Inspecting the Mouth
- Inspect lips, which should be pink, not dusky, blue/cyanotic, or cracked, and free from lesions.
- Mucous membranes and gums should be pink and shiny, and teeth should be white and free from cavities.
Inspecting the Tongue
- The tongue should be moist and pink, not dry, cracked, or beefy red (may indicate pernicious anemia).
- Check the underside of the tongue for lesions or sores.
- Inspect the hard and soft palate and tonsils for exudate, and the uvula should be midline.
Testing Cranial Nerves
- Cranial Nerve XII (hypoglossal): Patient sticks tongue out and moves it side to side.
- Cranial Nerves IX (glossopharyngeal) and X (vagus): Have patient say "ah," uvula moves up (cranial nerve IX intact), and patient swallows easily without hoarseness (cranial nerve X intact).
Inspecting the Neck
- Trachea should be midline.
- Check for lesions, lumps (goiter), or enlarged lymph nodes (have patient extend the neck up).
- Test Cranial Nerve XI (accessory nerve) by having the patient move their head from side to side and up and down, and shrug shoulders against resistance.
Inspecting for Jugular Vein Distention
- Place the patient supine at a 45-degree angle, have them turn the head to the side, and note any enlargement of the jugular vein.
Palpating Lymph Nodes
- Use pads of fingers to feel for lumps, hard nodules, or tenderness.

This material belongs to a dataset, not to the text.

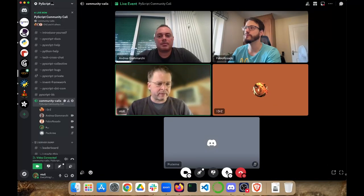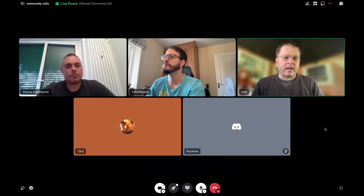Welcome to the community call on the 3rd of September 2024. I'm Nicholas, I'll be driving the call. We'll go through the regular items. If you're new here and don't mind introducing yourself, now's the time — just say hi, I'm whoever and I'm interested in PyScript because of whatever. It's quite all right not to introduce yourself either. It doesn't look like people want to introduce themselves, and that's perfectly all right.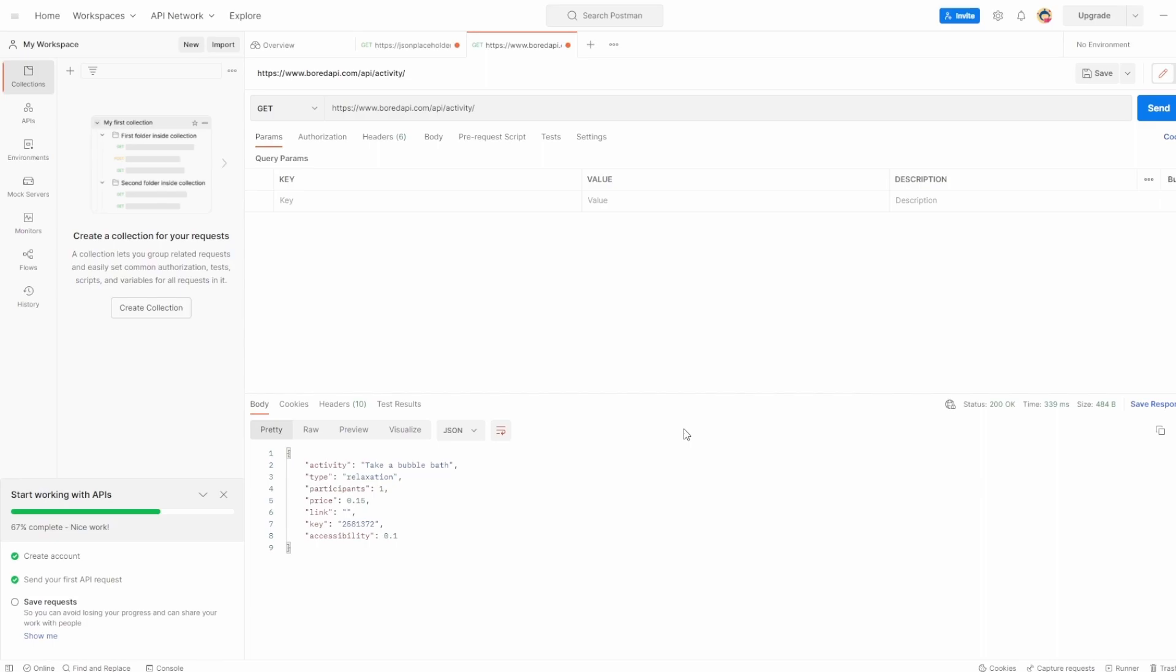So that's how easy it is to make your first API request with Postman. In the next video, we're going to break down the requests and responses, and we're going to have a bit more in-depth conversation about what exactly is going on with this.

- Palpate preauricular, postauricular, occipital, parotid, jugulodiagastric (tonsillar), submandibular, submental, superficial cervical, deep cervical chain, posterior cervical, and supraclavicular lymph nodes.
- Palpate the trachea to confirm it is midline.

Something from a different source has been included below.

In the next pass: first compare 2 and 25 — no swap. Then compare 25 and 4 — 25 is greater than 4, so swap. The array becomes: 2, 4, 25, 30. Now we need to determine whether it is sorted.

Palpating the Thyroid Gland
- From the back check for nodules, tenderness, or enlargement; normally, it can't be palpated.
- Palpate carotid artery one side at a time and grade it (0 to 4+, 2+ is normal).
Auscultating Carotid Artery
- Use the bell of the stethoscope, listen for a swooshing sound (bruit), and have the patient breathe in and out and hold their breath.